The Herbalist’s Corner
Jake Paul Fratkin, OMD, L.Ac.
Originally published in Acupuncture Today, April, 2012
Chinese nephropathy exists. There have been hundreds of cases of kidney-failure due to aristolochic acid-containing Chinese herbs in the West, and probably many times more in China, Taiwan and throughout Asia. This problem was first identified in the early 1990s in Belgium, when toxic herbs containing aristolochic acid (AA) were wrongfully used in weight-loss formulas. Herbs containing aristolochic acid were identified, listed, and promptly banned throughout Europe, the UK, and the USA. Presently, in the United States, it is virtually impossible to obtain raw herbs or products containing AA, with the possible exception of small Chinatown herb stores importing herbs and products from overseas relatives.

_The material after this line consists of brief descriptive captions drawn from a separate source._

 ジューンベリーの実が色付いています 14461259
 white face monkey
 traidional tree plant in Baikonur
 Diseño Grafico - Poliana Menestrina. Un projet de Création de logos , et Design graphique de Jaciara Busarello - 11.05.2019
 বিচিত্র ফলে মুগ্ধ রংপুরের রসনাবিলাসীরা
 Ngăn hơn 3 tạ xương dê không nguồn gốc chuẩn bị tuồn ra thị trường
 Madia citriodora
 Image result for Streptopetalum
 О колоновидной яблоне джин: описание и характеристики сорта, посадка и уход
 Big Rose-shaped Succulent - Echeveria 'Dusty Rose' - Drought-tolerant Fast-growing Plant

American patients of licensed practitioners of Chinese herbal medicine should have confidence. Established importers like Nuherbs batch-check raw herbs and herbal products as they arrive in California. They have Certificates of Analysis from independent American laboratories that are available for every herb and every formulated product. All herbal formulas come from factories meeting international levels of GMP (Good Manufacturing Practice). There are no heavy metals, pharmaceuticals, or other chemicals, and no herbs listed as containing aristolochic acid or other known toxins.

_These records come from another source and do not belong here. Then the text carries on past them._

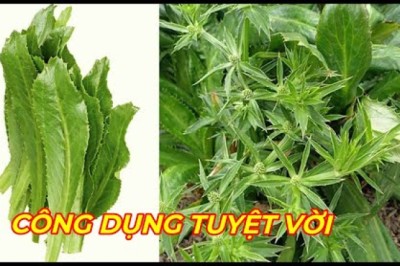 RAU MÙI TÀU( NGÒ GAI) - Công dụng chữa bệnh tuyệt vời ít người biết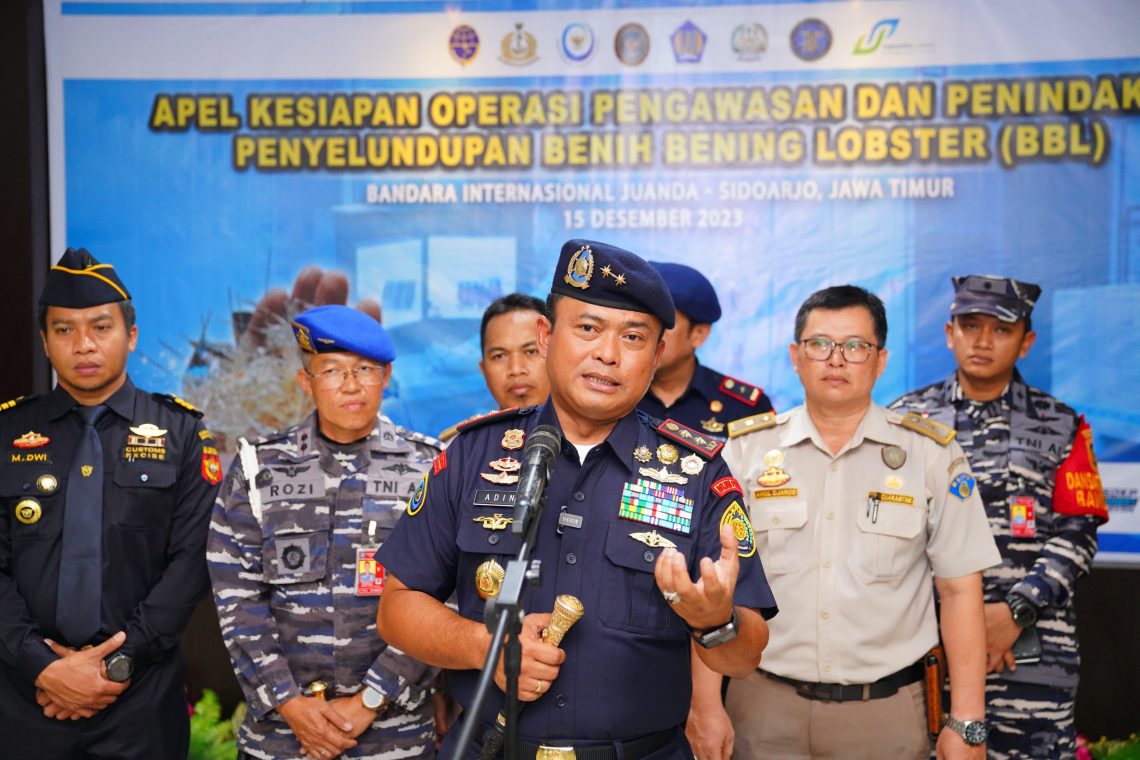 Marak Penyelundupan Benih Bening Lobster, KKP Gencar Sisir Bandara Juanda 1 Benih bening lobster.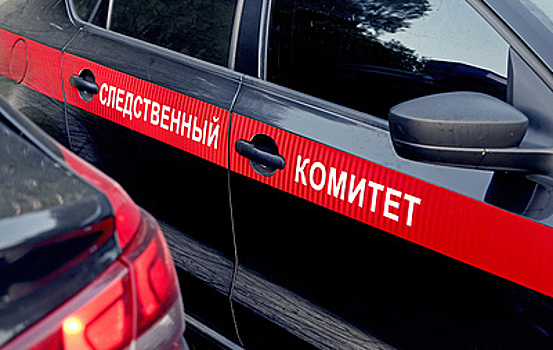 Поджегшему релейный шкаф на ж/д станции в Ступине предъявили обвинение в теракте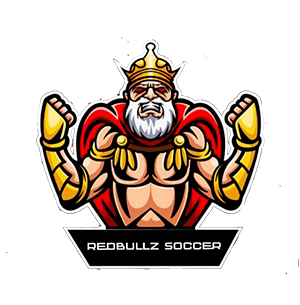 RedBullz Soccer - Xbox - Virtual Pro League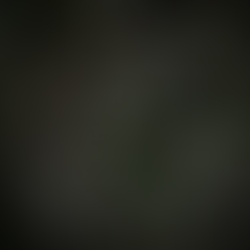 Primal Greens [Produkttest]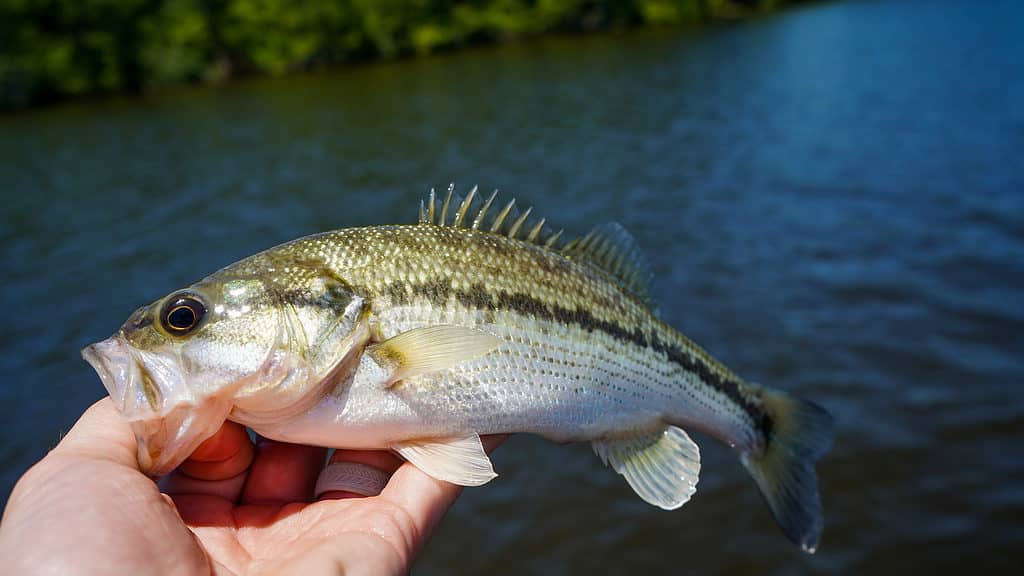 Kentucky Bass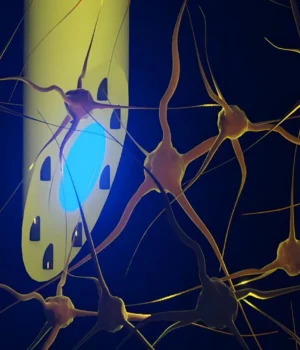 maxialtrode-illustration.webp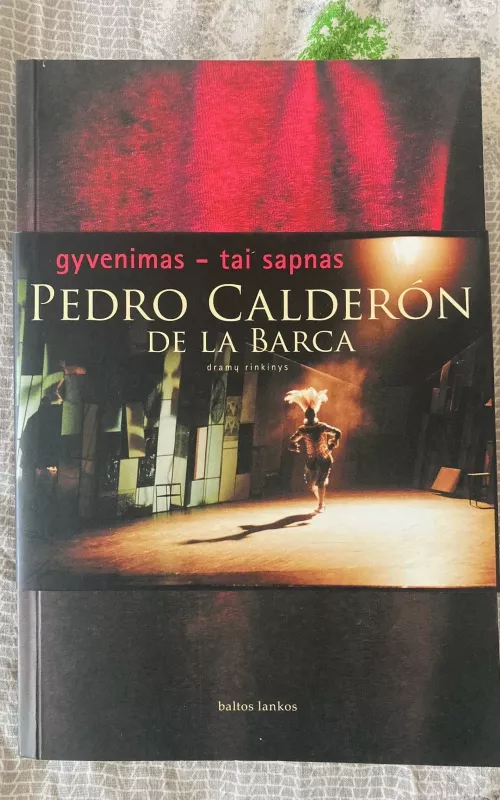 Gyvenimas - tai sapnas - Pedro Calderon de la Barca, knyga 2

Despite these standards, there is a growing chorus from medical doctors about the toxicity of Chinese herbs, about how they cause kidney failure, in general. Although the aristolochic acid nephropathy nephropathy issue was settled almost 20 years ago, doctors continue to malign the safety of Chinese herbs, in general. In the last month or so, at least three patients reported to me that their physicians told them not to take Chinese herbs because they cause kidney failure. A pediatrician told a mother not to give her baby herbs I had recommended, because “Chinese herbs cause kidney failure, especially in children”!
This is absurd. What started as an isolated clinical phenomenon has morphed into a modern urban legend, spread by innuendo and misinformation, and not at all based on the facts. This is somewhat surprising, given the medical profession’s reliance on “evidence-based medicine”. It is also surprising because, outside of the cases of AA herbal nephropathy, there have been no other cases of toxicity or harmful effects in Chinese medicine as practiced in the United States. None. Zip. Nada. [i]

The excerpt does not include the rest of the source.